Source : Massimo Fini & https://www.ariannaeditrice.it/articoli/riscoprire-lautreamont-e-nulla-sara-piu-come-prima

Je suis en train de lire les Chants de Maldoror de Lautréamont. Je m'y étais attaqué à l'âge de vingt ans et, après avoir parcouru quelques pages, j'avais abandonné. Je n'étais pas assez prêt pour une lecture aussi exigeante. Il m'est arrivé la même chose avec Proust. Quatre ou cinq fois, j'avais commencé Du côté de chez Swann et, à la cinquantième page, j'avais claqué contre le mur le premier des huit volumes d'A la recherche du temps perdu, publiés par Mondadori. Un été, à quarante ans, j'ai dévoré les huit volumes. Et c'est une évidence. A la recherche du temps perdu est la grande fresque d'une époque, un traité de psychanalyse, mais aussi et surtout un livre sur le Temps et la mémoire (la madeleine).
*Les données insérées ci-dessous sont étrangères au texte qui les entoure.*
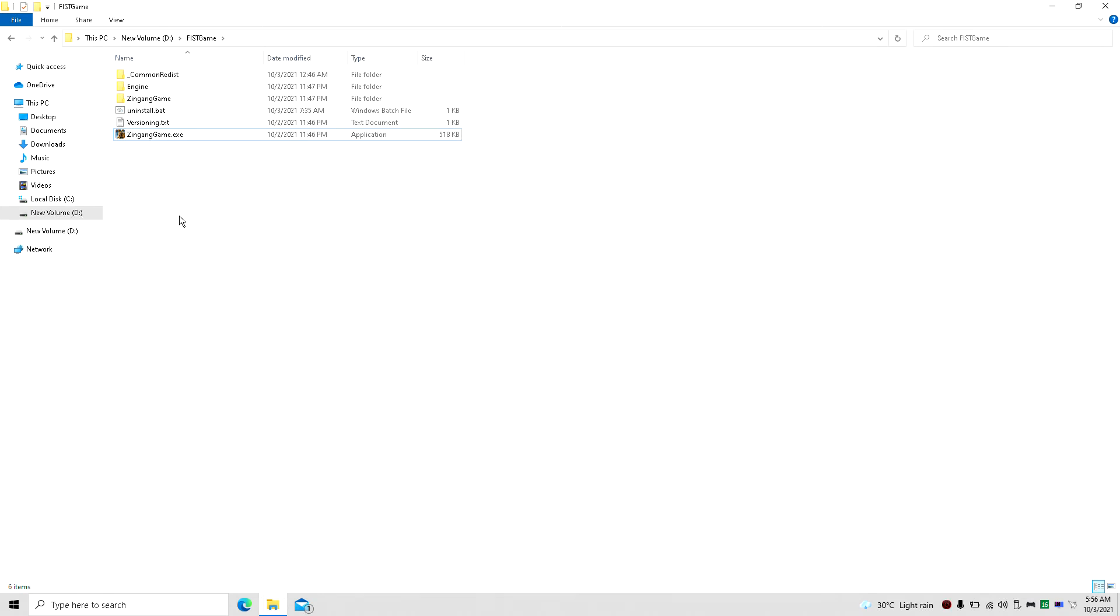Hey guys, welcome back to Jevon Rulz 16. I am your host Javon and today we're just going to show you a quick video on how to find the config file for FIST Forged in Shadow Torch.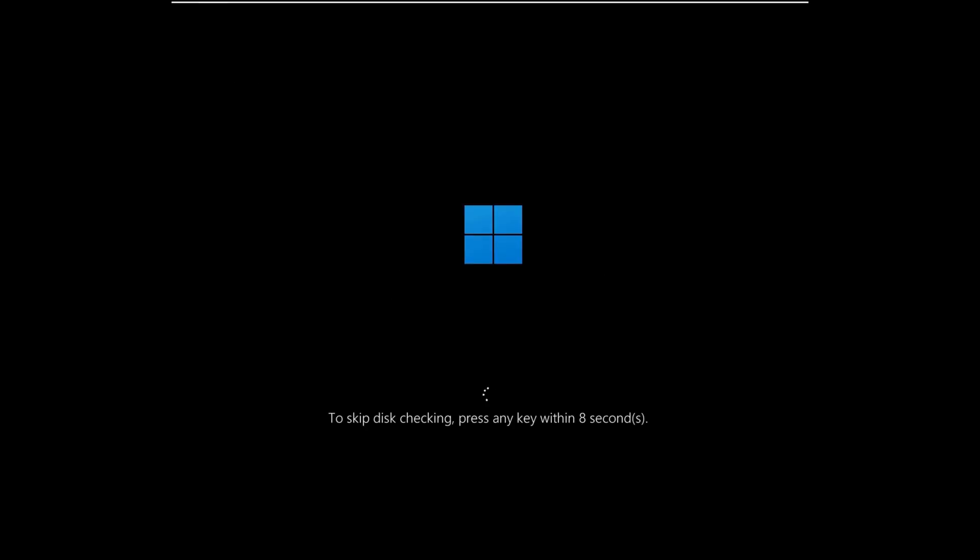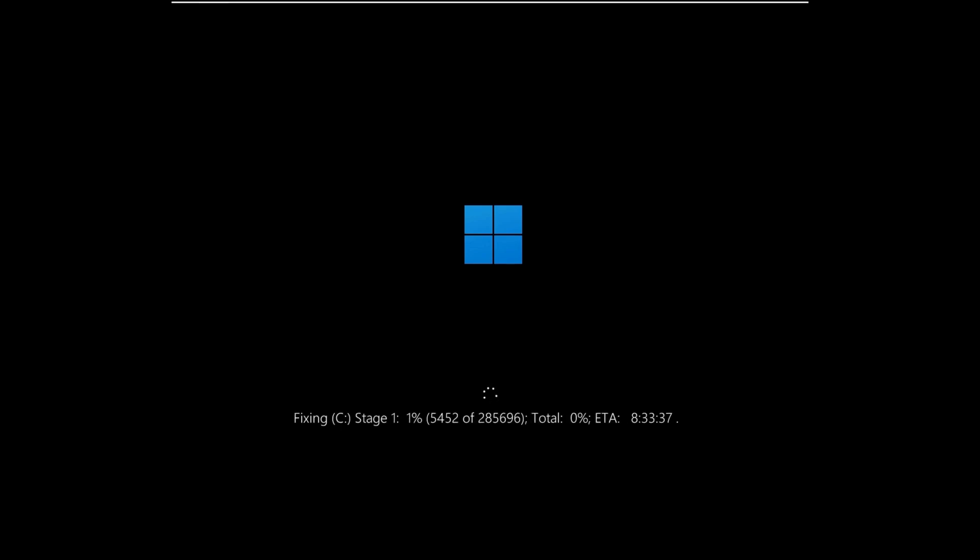Step 3. Let the disk check process run. Upon restarting, Windows will automatically run the disk check. Do not press any key to skip the process. Wait for the process to complete. The system will repair any disk-related issues.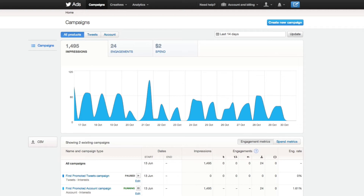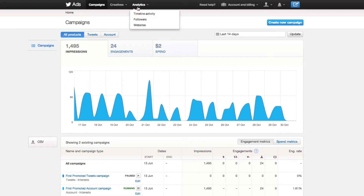For example, you'll be able to create a new campaign to promote a tweet. You also have the ability within this interface to schedule tweets. So if you're not using Hootsuite or Buffer and you want a free alternative, this is a great one. And lastly, you have the analytics interface, and this is going to give you three things: the ability to see timeline activity, followers, and websites.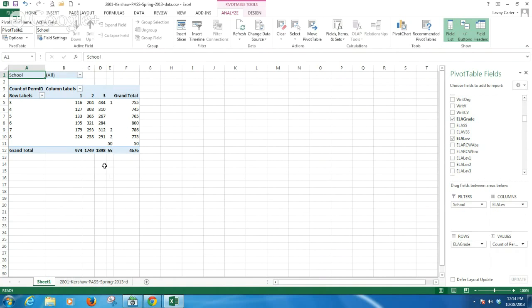This is, again, one of the powers of the pivot table. That quickly I can take that over almost 5,000 rows of data. Instead of having to filter it, I can find out right here that I've got 55 students I can look at more deeply to figure out why they don't have scores.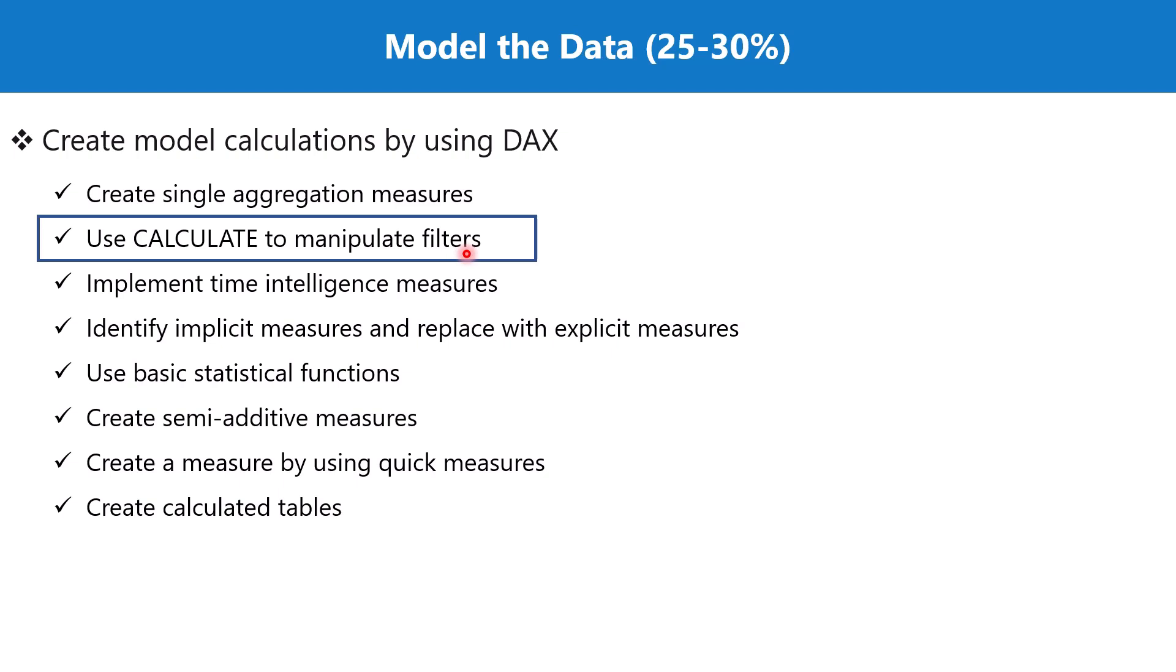We have seen the different use cases where the CALCULATE function is used, and this is a very powerful function. We are going to talk about CALCULATE in a few other videos where we will be discussing time intelligence functions. But I want to conclude this topic by talking about two other functions. We are just going to have a look at those functions and we are not going to further explore how these are actually used.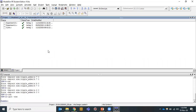Hello all, today we will be seeing experiment 14, that is ripple carry adder. We have already explained the theory of the ripple carry adder — how it works, what is the structure, and what is the functionality of the ripple carry adder.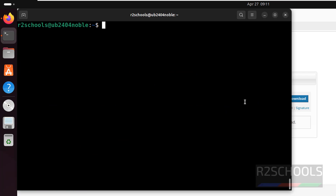So in this video we have seen how to install and configure MySQL 8 on Ubuntu 24.04 LTS version. For more MySQL, Ubuntu, or Linux tutorials, please subscribe to my channel. Thank you.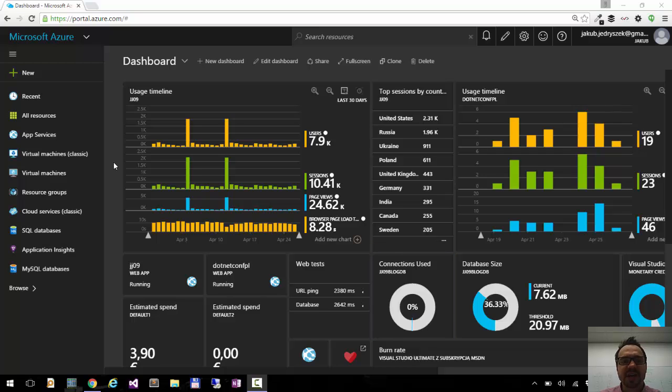Hi, this is Jacob from the Azure Portal. Today I would like to show you how you can scale your website.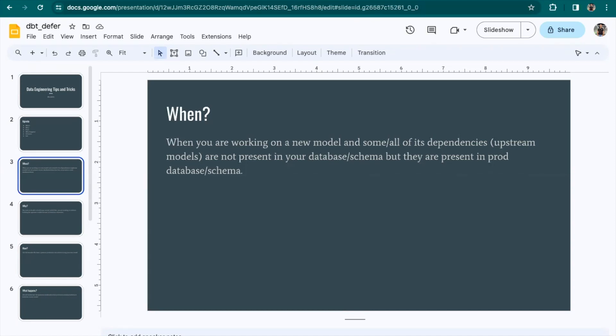When to use dbt deferral? Let's imagine you are a new developer in your team, and you are trying to build a new model, and that model is dependent on some upstream models that you don't have in your schema. There are two ways you can approach this: you can build all your upstream models first and then build the new model, or you can use dbt deferral and just go ahead with building your new model without building the upstream models first. In that case, dbt will use the upstream models from your production environment.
Or, à vingt ans, on a moins de mémoire qu'à quarante, on est occupé à parcourir ces bouts de vie qui deviendront à leur tour mémoire. Il faut donc se méfier des proustiens épuisés de la vingtaine, soit pour se donner un ton, soit pour sublimer ainsi leur homosexualité (bien qu'aujourd'hui, l'homosexualité étant dédouanée, ce déguisement soit moins nécessaire).
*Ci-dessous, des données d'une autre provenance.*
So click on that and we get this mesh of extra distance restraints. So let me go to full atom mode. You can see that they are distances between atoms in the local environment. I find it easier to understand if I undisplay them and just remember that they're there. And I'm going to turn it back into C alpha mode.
L'appréciation d'un livre, d'un film, de toute œuvre d'art, dépend du moment de la vie dans lequel on l'aborde. Celui de la maturité n'est pas toujours le meilleur moment pour comprendre. Rimbaud, par exemple, est beaucoup plus proche de la sensibilité des adolescents ou des post-adolescents, étant lui-même adolescent. Il écrit Une saison en enfer à 19 ans et son œuvre est concentrée en quatre ans, puis il ne veut plus rien savoir de son travail de poète et d'écrivain, il traverse plusieurs fois les Alpes à pied jusqu'à s'embarquer pour l'Afrique pour travailler comme marchand, refusant tout contact avec les éditeurs et les journaux. A l'un d'eux, particulièrement insistant, il dira: "ma saison est finie, c'est tout".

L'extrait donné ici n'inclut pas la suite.